## EXERCISE BRIEF
Your job is to give again, exactly and with no additions, the lines in the records below from the one with "young businessman wearing" through the one with "Clean bathroom with", both included. Omit the pictures.

## DATASET
===

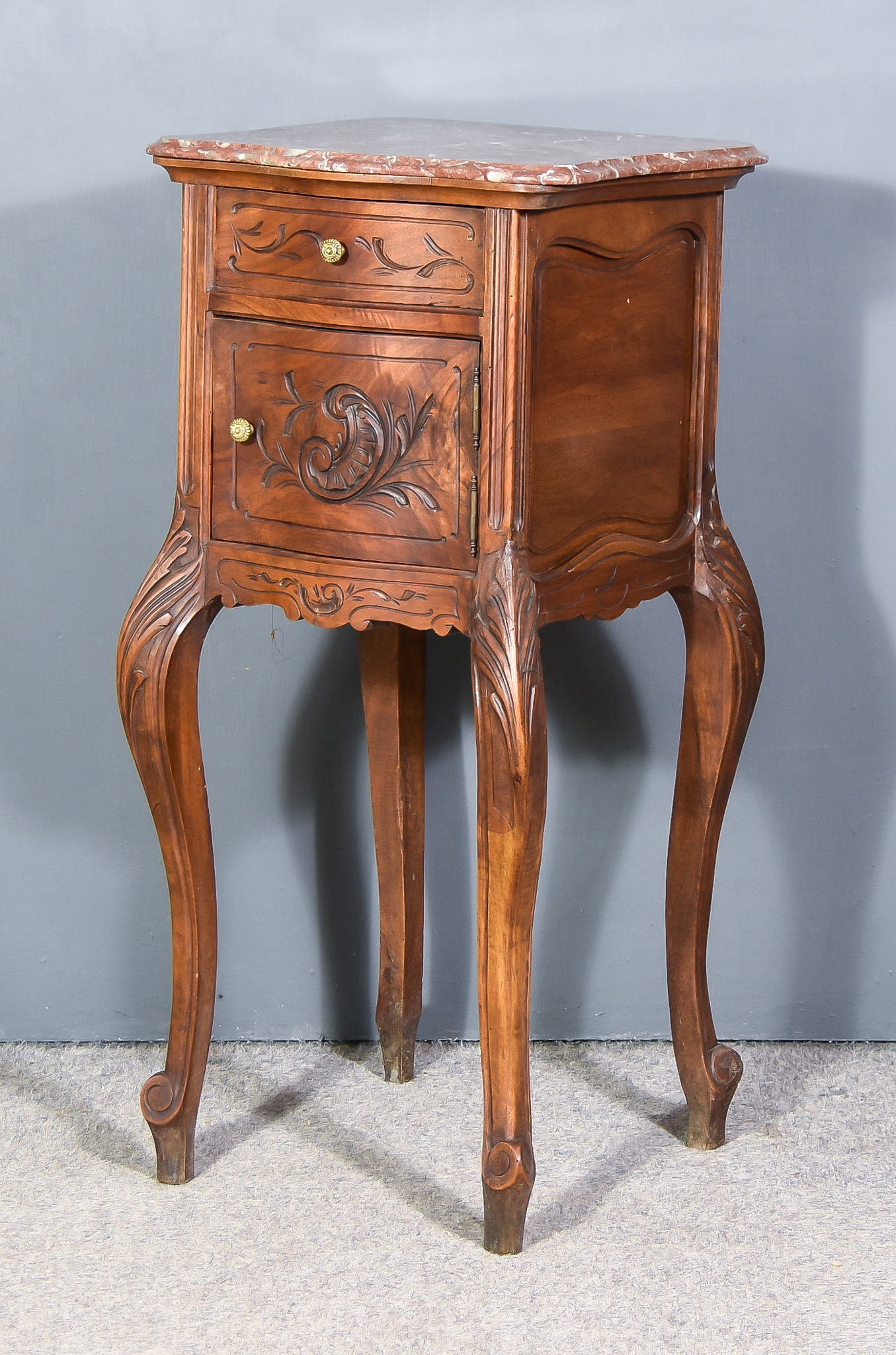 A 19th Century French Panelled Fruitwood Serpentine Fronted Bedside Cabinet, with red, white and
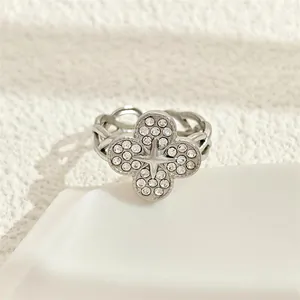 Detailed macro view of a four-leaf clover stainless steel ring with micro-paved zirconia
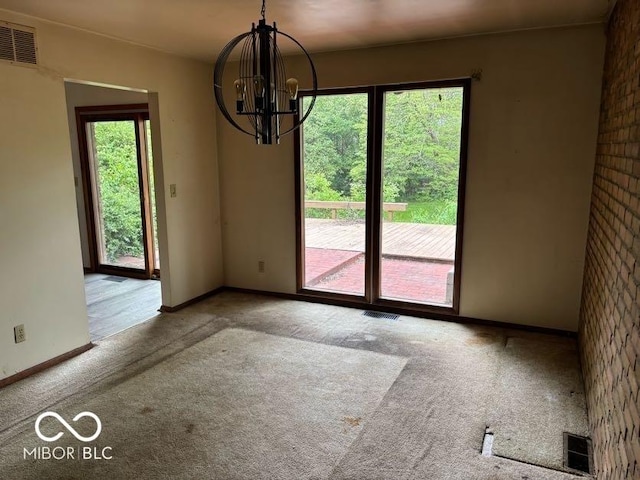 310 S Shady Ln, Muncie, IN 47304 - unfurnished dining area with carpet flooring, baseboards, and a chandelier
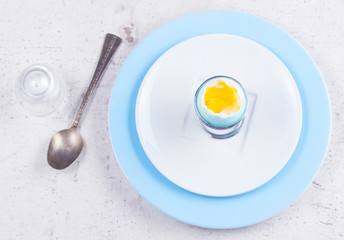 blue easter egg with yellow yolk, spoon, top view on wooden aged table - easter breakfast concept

===

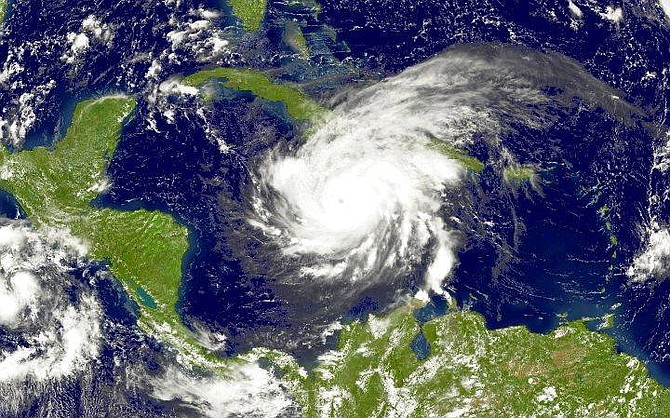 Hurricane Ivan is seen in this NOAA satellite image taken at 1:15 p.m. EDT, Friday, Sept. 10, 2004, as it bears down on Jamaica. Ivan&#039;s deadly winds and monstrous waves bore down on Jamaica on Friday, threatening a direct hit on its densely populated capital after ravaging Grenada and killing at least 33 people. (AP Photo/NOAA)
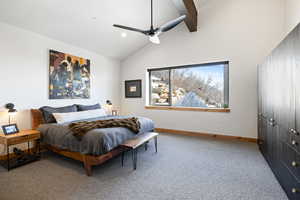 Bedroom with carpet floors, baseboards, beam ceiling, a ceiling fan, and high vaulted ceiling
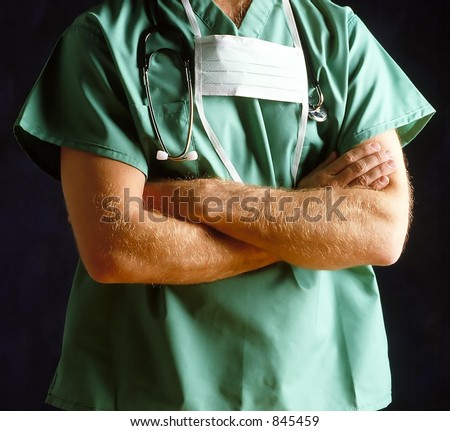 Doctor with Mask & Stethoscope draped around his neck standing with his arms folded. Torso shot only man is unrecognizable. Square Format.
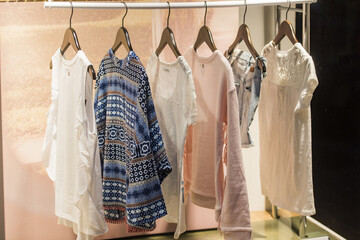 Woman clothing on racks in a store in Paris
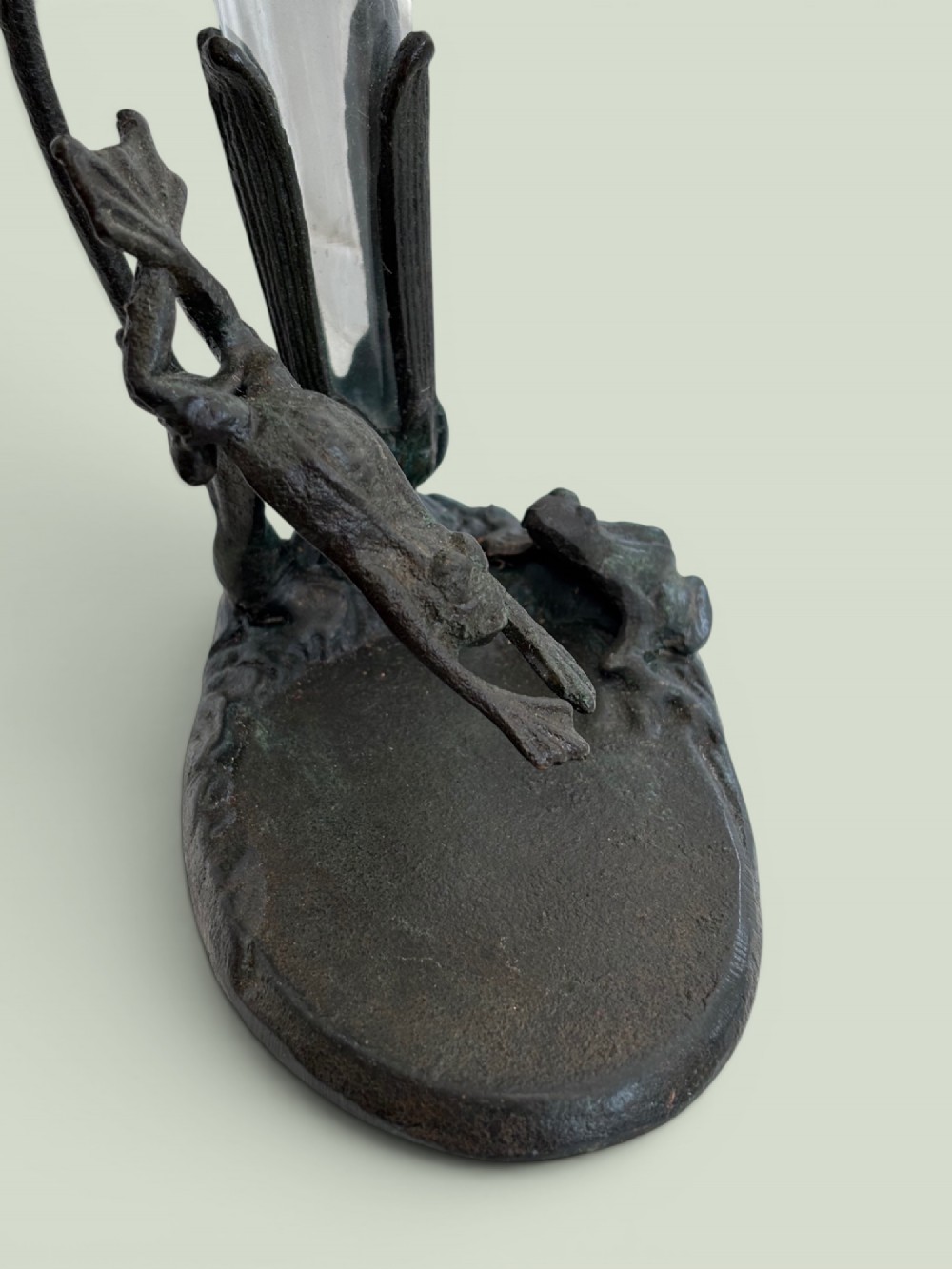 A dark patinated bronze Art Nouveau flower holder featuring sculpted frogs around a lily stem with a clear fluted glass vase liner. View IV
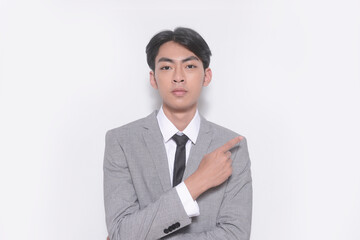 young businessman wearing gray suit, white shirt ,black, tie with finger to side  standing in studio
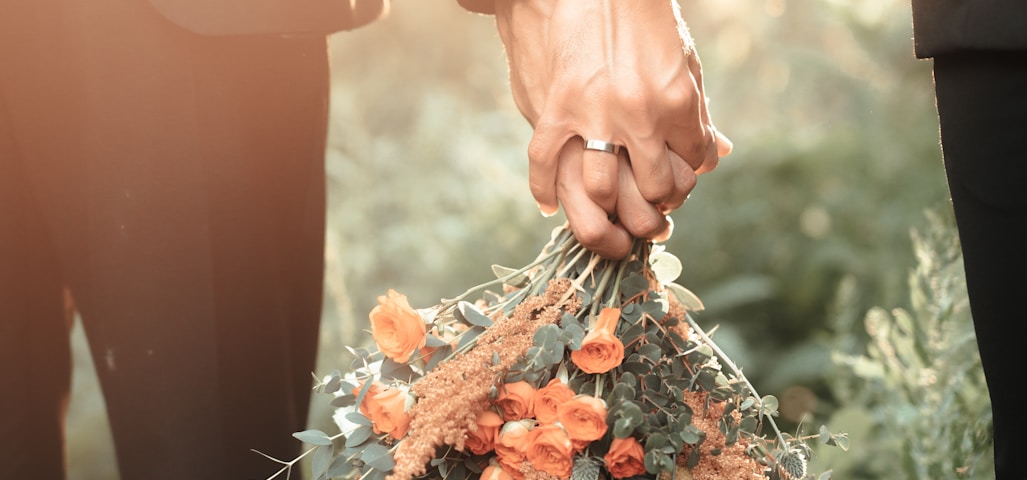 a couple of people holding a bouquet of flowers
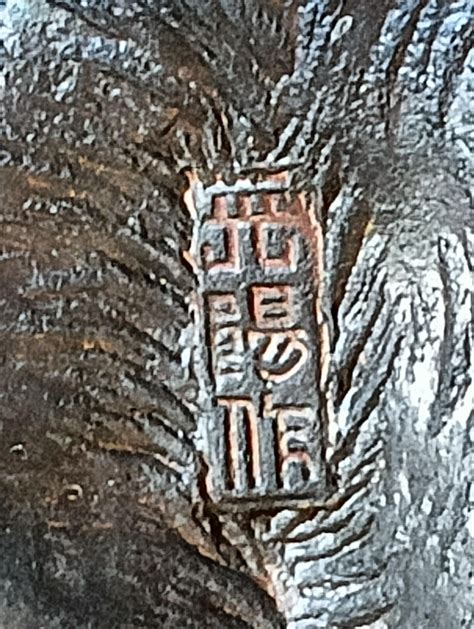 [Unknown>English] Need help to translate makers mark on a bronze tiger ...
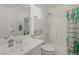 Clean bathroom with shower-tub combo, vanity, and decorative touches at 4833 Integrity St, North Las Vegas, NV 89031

===

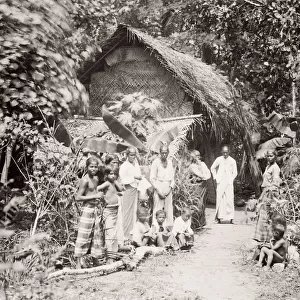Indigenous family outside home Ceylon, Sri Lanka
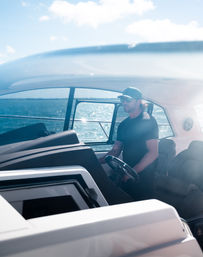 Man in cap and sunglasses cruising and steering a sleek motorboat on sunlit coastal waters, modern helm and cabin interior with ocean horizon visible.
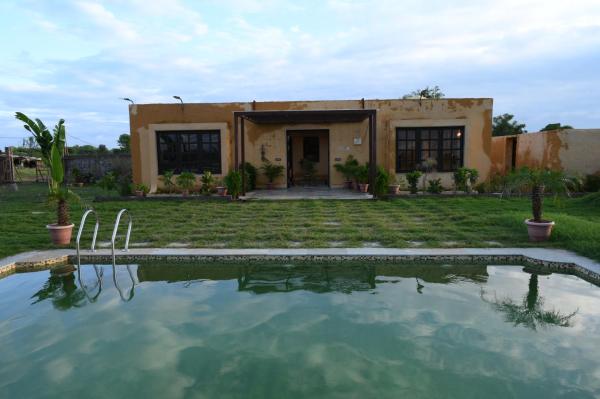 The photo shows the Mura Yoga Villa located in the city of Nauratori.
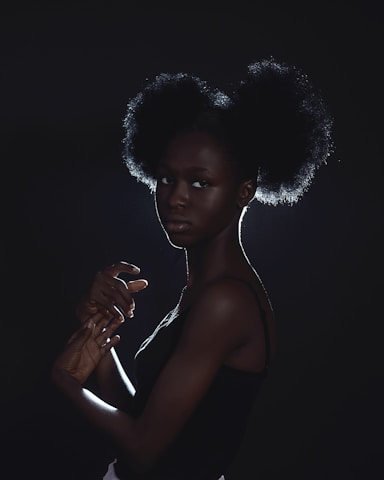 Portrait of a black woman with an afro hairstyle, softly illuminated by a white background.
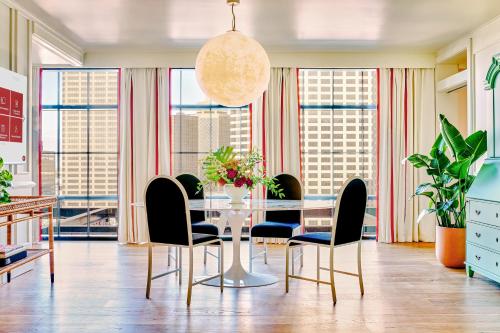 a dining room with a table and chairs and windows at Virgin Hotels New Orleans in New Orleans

===

## EXERCISE RESULT
 young businessman wearing gray suit, white shirt ,black, tie with finger to side  standing in studio
 a couple of people holding a bouquet of flowers
 [Unknown>English] Need help to translate makers mark on a bronze tiger ...
 Clean bathroom with shower-tub combo, vanity, and decorative touches at 4833 Integrity St, North Las Vegas, NV 89031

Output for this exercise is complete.